This news is not exactly news anymore. The numbers have stayed pretty consistent over the years.
When students graduate from high school, most of them also graduate from the church.
That doesn’t necessarily mean they graduated from faith, but attending church became irrelevant to them. I like Jesus, but I don’t see the point of the church. A person can say that all he wants, but I have yet to meet a strong, growing Christian who was not also connected to other believers in a local church.
I’ll go a step further. They can say all they want about liking Jesus, but the longer they go without a spiritual community—a church—the further they’ll move from even liking Jesus. In other words, faith in Jesus will gradually become irrelevant.

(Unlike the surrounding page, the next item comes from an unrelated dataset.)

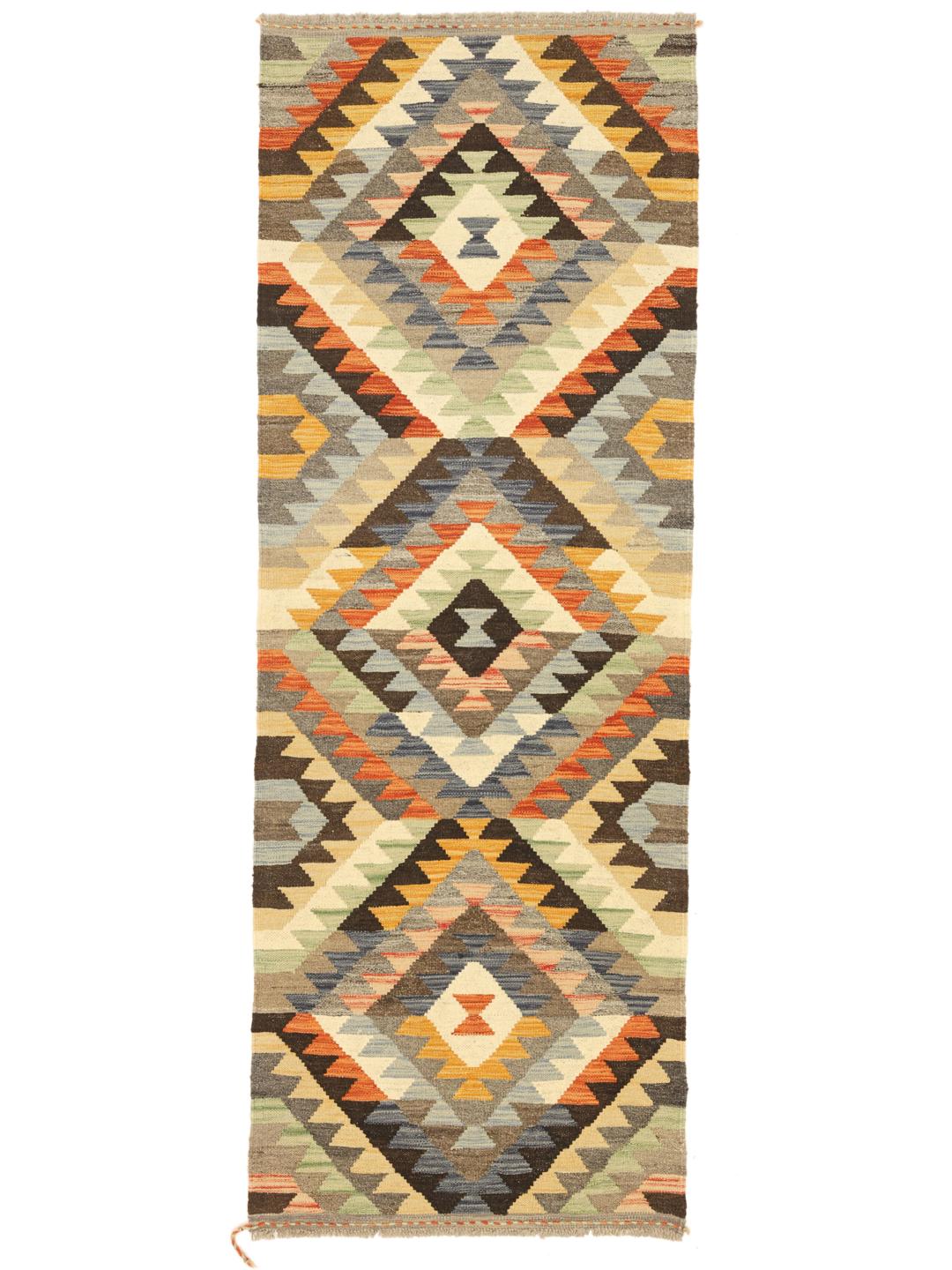 Hand-woven Afghan runner rug with geometric patterns in multicoloured Wool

Jared Bilski recently wrote a feature for the Washington Post: I’m not passing my parents’ religion on to my kids, but I am teaching their values. Jared was raised as an active, practicing Roman Catholic, but he has left both the church and the faith. He wrote:
“There were too many unanswered questions, too many problematic absolutes, too much fearmongering and way too much hypocrisy. For a religion that placed such a premium on loving thy neighbor, it sure had a lot of restrictions on whom you were allowed to love. When the priest sex-abuse scandal broke — a scandal the scope of which we’re still learning about — I knew I’d never return.” —Jared Bilski
Frankly, I agree.
- The Christian faith has a lot of unanswered questions.
- In some corners, fearmongering is evident.

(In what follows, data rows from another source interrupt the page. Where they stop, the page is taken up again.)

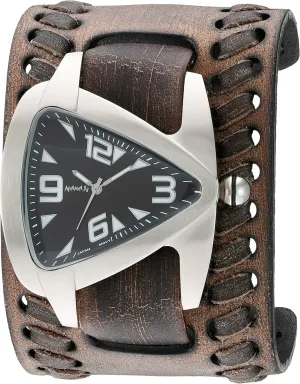 Oversized Teardrop Series' Quartz Stainless Steel and Leather Watch, Color:Black (Model: rook prize serum VBDK011K) Men's 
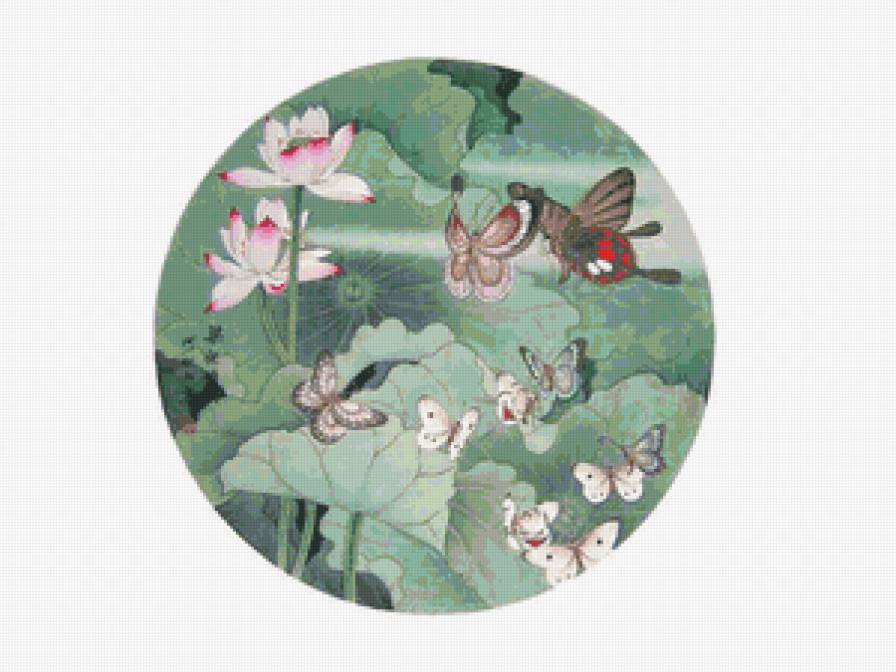 Бабочки и цветы, круг - бабочки, цветы - предпросмотр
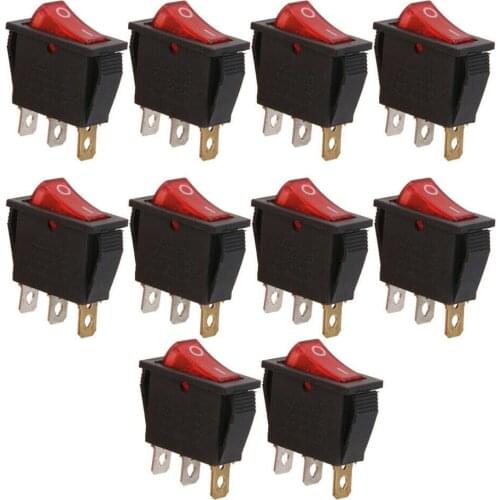 10 PCS KCD3 Power switch 15A /20A 125V/250V 3 Pin Rocker Switch Whites Clear Silicone Waterproof Protect Cover Rectangle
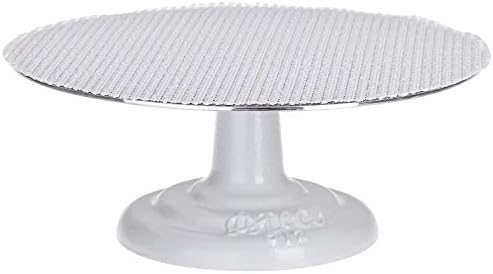 Revolving Cake Decorating Stand, Aluminum Turntable and Cast Iron Base with Non-Slip Pad, 12-Inch in White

- Hypocrisy resides in every church.
- Too many preach “Love your neighbor” but love some neighbors less than others.
I agree with these statements, but they haven’t led me to abandon my faith in Christ or my involvement with His body, the church.
- The hypocrites in the church do not define my faith; Jesus does. And—news flash!—I am one of those hypocrites (and so are you).
- Those who rattle the sabers of fear do not define my faith, Jesus does.
- Those who fail to love all people regardless of their sin do not define my faith; Jesus does.
It’s Bilski’s first criticism of Christianity that has my attention: “There were too many unanswered questions, too many problematic absolutes.” I have been a student of the Bible for most of my life, and I’ve been a diligent, serious student of the Bible for close to forty years. I still have unanswered questions. Yet I refuse to reject Christianity because of what I don’t know; I embrace it because of what I do know.
I don’t want a God that I can fully understand and explain. If I can wrap my finite brain around God, He’s not much of a God.
“For my thoughts are not your thoughts, and your ways are not my ways.” This is the Lord’s declaration. “For as heaven is higher than earth, so my ways are higher than your ways, and my thoughts than your thoughts” (Isa. 55:8-9).
To accept what I don’t fully understand is not blind faith. I believe and act on what God has revealed. Because God is true and faithful in the things I do understand, I trust Him with the things I don’t.
Unfortunately, too many people, like Bilski, want a God they can fully understand. They want truth and doctrine neatly wrapped up, a theology they can easily chart and map out. Sadly, those people miss out on the wondrous mystery of God, the all-wise sovereign Creator who has revealed Himself in a way our finite minds can fathom—and yet has left enough unanswered to lead us to trust His unseen hand and ways of working.
When the great apostle Paul wrestled with the tension between God’s sovereign will and our own, He threw his hands up—not in exasperation, but in praise to the One who is so far beyond us.
Oh, the depth of the riches both of the wisdom and of the knowledge of God! How unsearchable his judgments and untraceable his ways! For who has known the mind of the Lord? Or who has been his counselor? And who has ever given to God, that he should be repaid?
For from him and through him and to him are all things. To him be the glory forever. Amen” (Rom. 11:33-36).
I don’t have to know all the answers. I trust the God who does.